Scraps Kickstarter and stuff
I’ve been working on my vehicle combat game Scraps full-time for over a year now. The basic building mechanics are all done and a multiplayer prototype is working, but it’s still months away from a solid alpha release where you can start playing proper multiplayer deathmatch games and I can start getting a few dollars coming in.
Originally when I started I’d hoped to have an Alpha release out by now, but once the project got going it became apparent that this was a bigger job (doesn’t that always happen?). I now have a much better idea of how long the game is going to take, but it’s a while, so I’m getting near the point where I’m thinking about getting some extra part-time work. Of course that’d slow down development even more.
However, Kickstarter has just become available in this country and it’s a good time to go for it. I’m looking for a bit of funding now, not to cover the whole of development, but to give me free reign to keep working on it full-time until it’s really ready to go. Chipping in $20NZD (~$16USD) or more also secures you a copy of the game.
Here's the link: Scraps on Kickstarter
Thanks to everyone who’s made a cool vehicle, reported a bug, or just been a fan on the journey so far. There’s more to come.
It's also now on Steam Greenlight: Scraps on Greenlight
Music fans deserve an update as well. First of all, you might be wondering why I went from an album with, y'know, meaning and art or whatever, to a game where you put vehicles together and shoot other vehicles. Well, this is a very old game idea. I've been wanting to play this since I was a kid as it has some of that childlike Lego building aspect. My more recent game ideas tend to have more of a "meaning" and "art" component, whatever meaning and art are, but that doesn't mean I don't have an enduring desire to build stuff and shoot stuff, so I'm making this first. It also probably has more mass appeal.
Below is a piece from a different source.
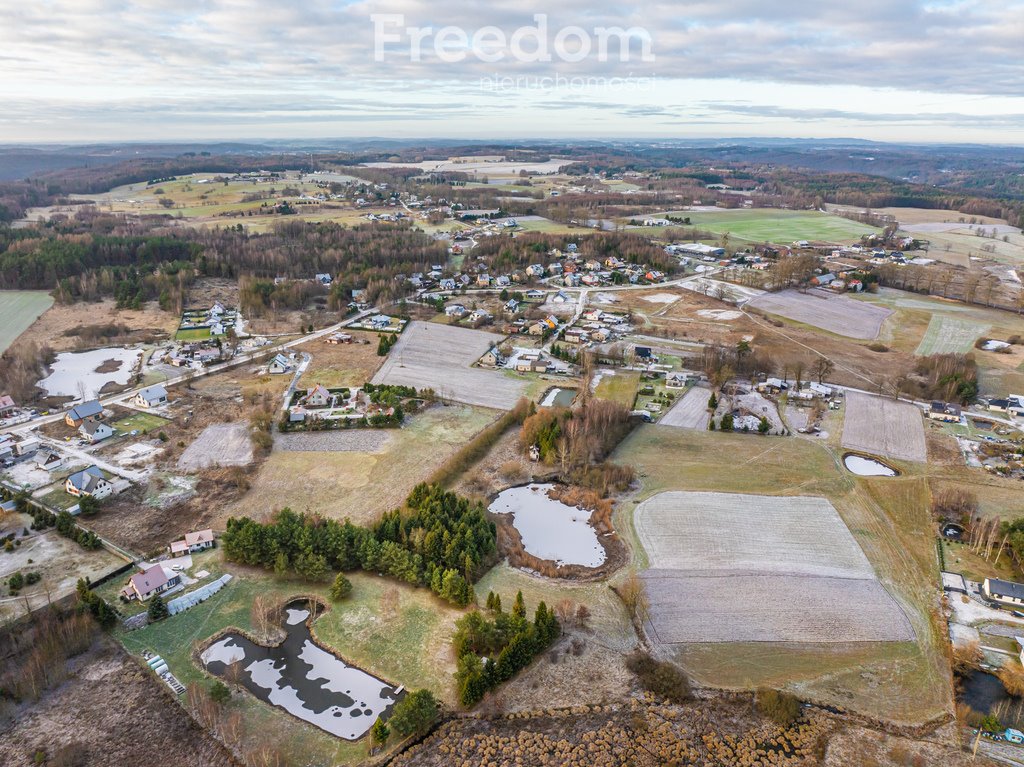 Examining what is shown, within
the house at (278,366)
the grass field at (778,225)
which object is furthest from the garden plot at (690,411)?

There's something to be said for simple fun once in a while.
Unfortunately this is really taking up all my time, and I don't have any new music stuff. It's been a busy year. That doesn't mean I'll never have new music, but at the moment I haven't really been writing songs let alone recording them. Writing good songs also requires having good ideas to write about.
The fact that I don't have to do music work is an aspect that makes it more real anyway. Making games is my real job at the moment, and it's a cool job, but marketing isn't fun and the risk of failure is high. I've always recorded music primarily for myself and I'm glad that other people get to hear it, but even if no-one listens to it it's still essentially achieved its purpose. When I do release music, I don't have to say it's awesome and you should buy it or whatever, it can just be what it is. I'm lucky that my job is also one where I work on stuff that I want to make, so I can market it honestly. I couldn't work in a job where I have to push a product that I don't actually like.
I saw a thing the other day where a guy posted a game, with a title like "my friend just released this game but he thinks no-one will play it!" All the comments were marketing advice and admonition for the fact that the guy (whether it was truly his friend or he was really the "friend" himself) hadn't marketed it throughout development.
He needed to post in in these places, his search results were crap, he needed to send it out to press. What a terrible job he'd done, surely cheating himself out of his goal of a successful game. The supposed actual guy who made the game wasn't in attendance to give his opinion on all this, but the feeling was that apparently we can't create stuff for ourselves anymore. Apparently we have to want to share it with the entire world. If it's not disseminated, if it's not viral, if it's not worth something - on the NASDAQ, on Alexa, on Klout - it doesn't have value. "Art for art's sake is an empty phrase" indeed.